Meeting in person also gives your photographer the chance to get to know you as a couple. Witnessing your personalities and the way you interact makes capturing that energy easier. A professional photographer will work hard to mesh their style with your desired vibe.

Use a location that really represents both of you.

Skylines, beaches, woody areas, large open fields of tall grass. What do all of these locations have in common? They're regularly the backdrop for engagement photos. Disclaimer: That’s totally fine if any of these areas are significant to you as a couple. Met in NYC on a whim? Take your photos in front of the city. Spend fall days together walking through a certain set of woods? Immortalize the area with your photos.

However, for most other cases, we really recommend trying a more unique location—and one that really represents both of you. This could be the bar or restaurant where you first met, your favorite date spot, where you do a shared hobby, or in your home if you live together. If you’re really attached to the in the field idea, maybe head to your college’s football field (if you went to the same school) instead of opting for a random patch of land.

It doesn’t have to be a place of paramount importance—just somewhere that really speaks to the two of you and your relationship. Having a meaningful setting makes it easier to act natural, making for truly candid and organic shots.

Avoid matching outfits.

Listen, we tread lightly but also firmly here: Exact matching outfits for your engagement photos is a cute idea. However, if you want photos that don’t look like everyone else’s, skip the coordinated plaid ensembles.

Instead, consider your location and the tone of your shoot when you choose outfits. Stick to a cohesive color idea (neutrals, muted colors, etc.) and you’ll look like more like a couple and less like a set of adult twins.

In the same vein, don’t wear something you wouldn’t normally wear or that’s out of place in your setting. For example, don’t wear a bohemian dress and wade into the ocean just for aesthetic’s sake. You’ll confuse your family and friends.

Opt for an outfit that’s comfortable and makes you feel confident. We’re not saying you can’t wear a flashy dress or suit—just make sure you’re wearing it because you want to and it feels like you.
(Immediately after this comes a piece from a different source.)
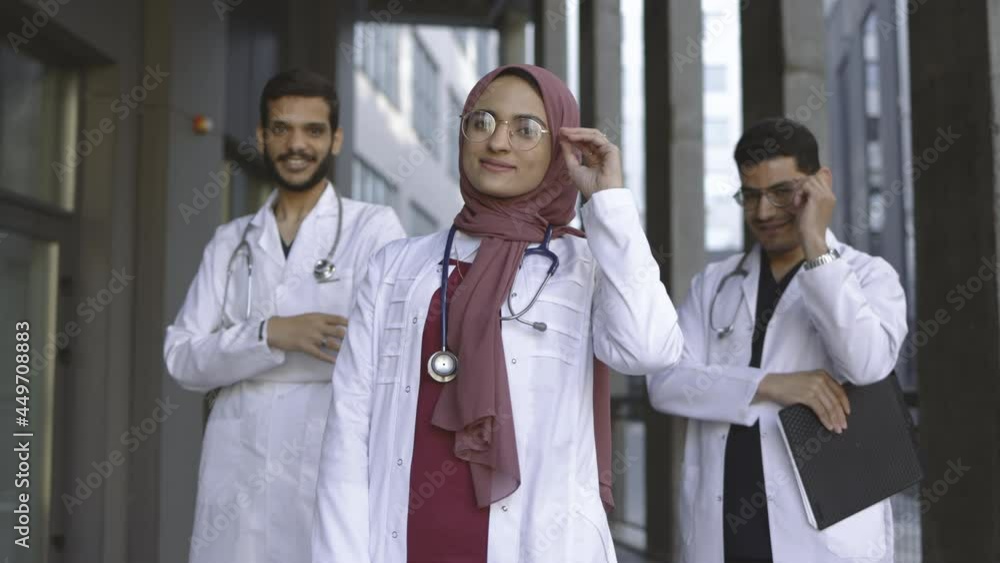 Young female Muslim medical student with her male groupmates behind, standing outdoors and smiling at camera, adjusting eyeglasses and showing ok gesture. Medical team outside hospital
INLINE Unsplash 1080x720 Photo Credit // Unsplash

Branch out with poses.

For many couples, their engagement shoot is the first time they’re ever having professional photos taken. In that case, it’s easy to default poses you’ve seen done before. Don’t do that.

The best engagement photos are those that feel genuine and candid. Read: Avoid the prom pose, silly perspective tricks, and anything that feels cheesy or unnatural. In fact, it’ll probably look best if you don’t pose at all. Trust us.

Most people aren’t used to being followed around by a camera—we get it. Try, however, to forget that your photographer is there. Interact with your partner how you normally would—walking hand-in-hand, leaning into one another, playing around, etc. Look at each other and be in the moment. If your photographer wants you to look at the camera, make a minor adjustment, or try something out, they’ll let you know. Otherwise, be yourselves.

Focus less on the ring.

We know you adore your new ring, but it shouldn’t be the sole subject of your photos. More often than not, shots that have the ring hand displayed appear stiff. That’s not to say you should avoid them at all costs.

If you rest your hand on your partner's shoulder or cheek and the ring just so happens to make an appearance, run with it. Otherwise, skip the awkward behind-the-back hug, flat-hand-on-your-partner’s-chest pose, and arms-around-an-inanimate-object photos.

Your engagement photos are meant to celebrate your relationship—in all its uniqueness. Capturing that might sound difficult, but it all comes down to acting natural. Choose locations, outfits, and poses that feel like you. Don’t copy a series of shoots you found on Pinterest. Stray from the norm (and overdone) by being true to who you are as a couple. And remember to keep these tips in mind when it comes to your wedding photos, too.